Sibutu, which boasts of a 9-kilometer stretch of white sand beaches, has 16 villages, and wooden boat builders can be found in each one of them, Pajiji said.

Trade, tourism

Owing to their mastery of the craft, they can finish a kumpit in six months, he added.

Pajiji said that many small-scale tuna producers in General Santos City, dubbed the “Tuna Capital of the Philippines,” and its neighboring areas, have sought Sibutu’s shipwrights to build their fishing boats.

“Our shipbuilding industry continues to thrive because the craft is passed on from generation to generation,” he noted.

Mayor Nur-Fitra Ahaja says Sibutu is proud to showcase the boat building industry to tourists visiting and exploring the locality, which hosts the shrine of Sheik Makdum who was the first Arabian missionary to propagate Islam in Mindanao in 1380 and was believed to have been buried here.

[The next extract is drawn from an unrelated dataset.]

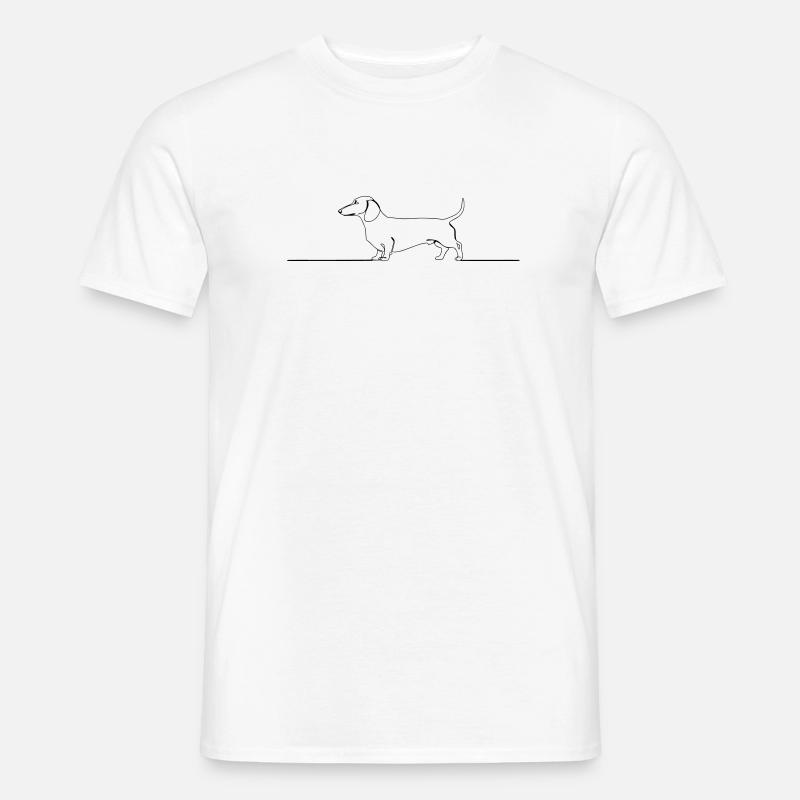 Teckel Dackel One Line Art - Männer T-Shirt - Weiß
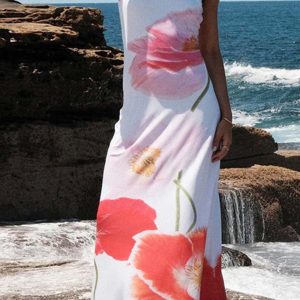 Floral Printed Backless Cami Dress - Y2K Aesthetic Summer Style for Cute Outfits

Aside from the shipbuilding industry, Sibutu also takes pride in its seaweed industry and long stretches of powdery white sand beaches, including in its island villages.

Tawi-Tawi is part of the Bangsamoro Autonomous Region in Muslim Mindanao (BARMM), which is seated in Cotabato City. There are daily flights from Zamboanga to Bongao, the provincial capital, and twice weekly from Cotabato to Bongao, the latter served only starting in June.

BARMM spokesperson Naguib Sinarimbo said the Cotabato-Bongao route will accelerate the exchange of people, goods and services between Cotabato and the landlocked provinces of Maguindanao and Lanao del Sur with the island-provinces of Tawi-Tawi and Sulu.

“Tourists from the Bangsamoro mainland can directly fly and enjoy what Tawi-Tawi can offer,” he said. “Fine white sand beaches, exotic seafood, rich cultural heritage and friendly people await the curious tourists.”

Ahaja says one of the tourism attractions of the town is Sicolan Island, home to the Saluag Lighthouse Station, which is proof of the age-old maritime route’s importance to the locality and which can explain why the shipbuilding industry has been thriving here for centuries. Sicolan Island is 30 minutes away by boat from Sibutu mainland.

The town’s other jewel is the Sibutu Strait or Passage, a deep channel about 29 km wide that connects the Sulu and Sulawesi seas. The strait is used by cargo vessels for international trade between the Pacific and Indian Oceans. Some 15,000 ships reportedly use the Sibutu Straight for passage annually.

According to Ahaja, the town has been lighting the way for international and domestic cargo vessels with the Saluag lighthouse, a silent witness to the growth of the local shipbuilding industry.